Rowan, known as the “officer from New York,” retired from the department in February 2021 after 16 years of service. He received the department’s “Officer of the Year” award twice. But, at 65 years old, Rowan wasn’t ready to stop serving and protecting just yet. And, as it turns out, the department wasn’t ready to let him go either.
“In November, I took on a code enforcement role with the department,” he said. “I’m 65 but feeling 25. I’ve got to do something. There’s no way I can just stay retired. I’ve been doing this – helping people – more than half of my lifetime. It’s very, very difficult to walk away from.”
Staying busy, he said, stops him from going down a rabbit hole: “I have to continue on. You can’t sit home and dwell on it. It eats you up from the inside out.”
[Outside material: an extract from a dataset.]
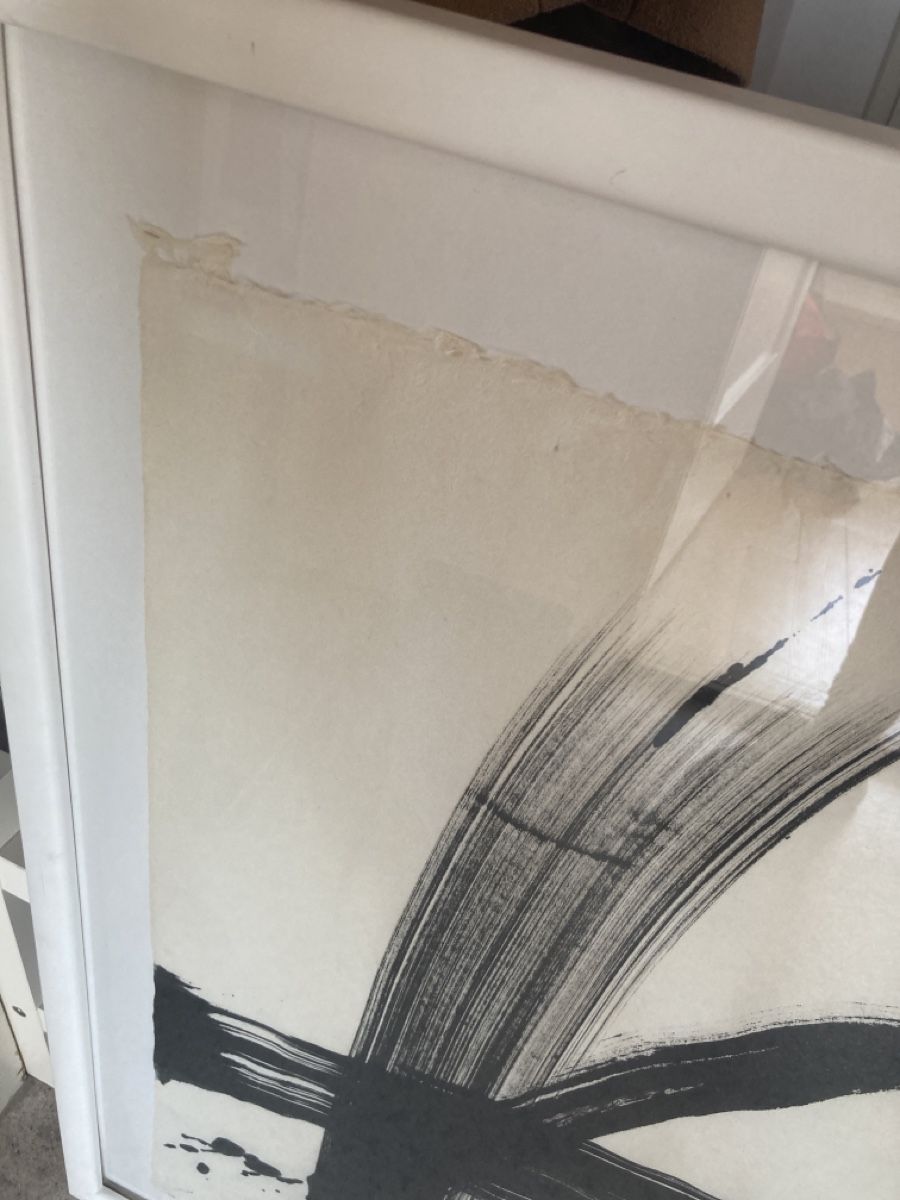 Gemälde: Original japanisches Bild auf papier – Gebraucht aus Zürich von Fisi80 2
There is, however, one rule he continues to live and breathe by – one he learned as an FDNY firefighter.
“I was told, ‘Rowan, you’re good, but you’re only as good as your last 15 minutes,’” he recalled. “I had to sit down and analyze that. I always try to be the best. I don’t want anyone to ever say, ‘You could have done this or done that.’ I don’t want that. That’s why I am who I am. You have to wake up every day and do the best you can do.”
In Rowan’s 37 years of public service, he did just that, but so did the 343 FDNY firefighters who made the ultimate sacrifice on 9/11. And that’s something he’ll never forget.
“I see my 10 every day. They’re in my car. They’re in my house. In my turnout coat, I even have some parts of their uniforms. They never miss a call.”